======== Extracted data

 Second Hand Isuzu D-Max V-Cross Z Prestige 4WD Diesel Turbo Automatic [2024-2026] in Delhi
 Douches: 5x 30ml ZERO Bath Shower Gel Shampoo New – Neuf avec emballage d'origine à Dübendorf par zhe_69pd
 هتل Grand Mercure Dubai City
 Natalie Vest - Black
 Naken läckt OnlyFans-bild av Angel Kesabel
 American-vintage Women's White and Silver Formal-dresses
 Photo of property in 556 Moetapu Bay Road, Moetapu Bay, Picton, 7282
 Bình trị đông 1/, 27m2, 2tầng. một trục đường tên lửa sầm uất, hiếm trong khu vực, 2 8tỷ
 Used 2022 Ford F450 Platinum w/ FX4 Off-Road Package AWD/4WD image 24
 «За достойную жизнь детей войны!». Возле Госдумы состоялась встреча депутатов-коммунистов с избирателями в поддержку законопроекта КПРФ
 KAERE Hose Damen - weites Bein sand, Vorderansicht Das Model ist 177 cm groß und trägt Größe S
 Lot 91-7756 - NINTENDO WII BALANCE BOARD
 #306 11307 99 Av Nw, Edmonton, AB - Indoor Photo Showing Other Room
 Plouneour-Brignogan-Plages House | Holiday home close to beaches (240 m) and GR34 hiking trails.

================

§ **What to do**: Take the lines above from the one containing "Naken läckt OnlyFans-bild av Angel Kesabel" down to the one containing "Bình trị đông", and transcribe them exactly, both ends included.

§ **Final answer**:
 Naken läckt OnlyFans-bild av Angel Kesabel
 American-vintage Women's White and Silver Formal-dresses
 Photo of property in 556 Moetapu Bay Road, Moetapu Bay, Picton, 7282
 Bình trị đông 1/, 27m2, 2tầng. một trục đường tên lửa sầm uất, hiếm trong khu vực, 2 8tỷ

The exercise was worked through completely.